A Breakdown of the FBI Raid on Mar-a-Lago

A Breakdown of the FBI Raid on Mar-a-Lago

Mia Bartl, Reporter

On Monday, August 8th, the FBI raided former president Donald Trump’s Mar-a-Lago resort. The FBI gave no reason for their raid, and offered no details about the materials collected. No search warrant was presented, leaving the public baffled and in dire need of an explanation. In the weeks since, more information regarding the raid, the reason for it as well as what was found, has been revealed to the public. Here are the facts. 

Prior to the Mar-a-Lago raid, Donald Trump was involved in two separate investigations. One, of course, was the ongoing investigation into the January 6th, 2021 siege of the capital, and Trump’s alleged involvement. The other was an investigation as to whether Trump inflated the value of assets on financial statements in an attempt to receive tax benefits. The deposition for this investigation was set to Wednesday, August 10th, just two days after the raid.

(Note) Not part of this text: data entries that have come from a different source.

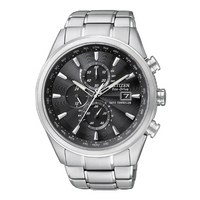 Buy Citizen Gents Eco Drive Atomic Chronograph Bracelet Watch AT8010-58E online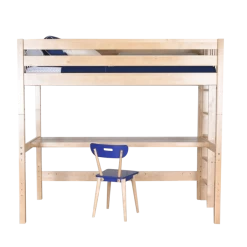 Maxtrix Queen High Loft Bed With Straight Ladder + Desk -Kid Furniture DSC3566 1553190898272 656x656 crop center df64614c d569 44b7 bfb2 4376c67ce302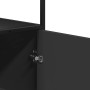 Aparador alto madera de ingeniería y metal negro 68x35x139 cm de , Aparadores - Ref: Foro24-849049, Precio: 115,02 €, Descuen...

On February 9th of this year, a referral by the National Archives Records and Administration led the Department of Justice opening an investigation regarding Trump and his removal of 15 boxes of documents from the White House. On May 16th-18th, the FBI conducted a preliminary investigation of the 15 boxes in question at the Mar-a-Lago resort, under the supervision of Trump’s legal team. At that time, the FBi removed no documents or other materials from the resort. 

The Mar-a-Lago raid took place on August 8th and the FBI left the premises with at least 20 boxes full of documents that were allegedly illegally removed from the White House by the former president. Trump’s legal team was denied permission to supervise the removal of these materials from the Mar-a-Lago resort. 

Following the raid, very little information was made available to the public and to the press. The FBI produced no search warrant or affidavit validating the raid. For those unfamiliar, an affidavit is simply a statement which has been written under oath, and whose purpose is to be used as evidence in court. A search warrant is a document which legally authorized members of the department of justice to enter and search a given location. To make a raid such as the one on August 8th legal, the FBI must have each of these documents. The FBI’s reluctance to produce either of these documents led many to question its legitimacy and legality.

Senate minority leader Kevin McCarthy attacked the FBI, declaring the raid to be “weaponized politicization of the Department of Justice” while Trump called out the current administration, claiming they “lost all moral and ethical bounds.”  However, this past week, a heavily redacted search warrant affidavit has been released to the public. Included in this document was the following:

The purpose of the raid was to collect a number of documents containing confidential information which the former president had taken from the White House. These documents contained information ranging from classified to top secret. Upon arrival, the FBI expected to find the documents as well as evidence of obstruction. The affidavit establishes probable cause for both Trump’s possession of these documents as well as Trump, or one of his affiliates, obstruction of these documents. With that, a search warrant was issued and the raid was conducted.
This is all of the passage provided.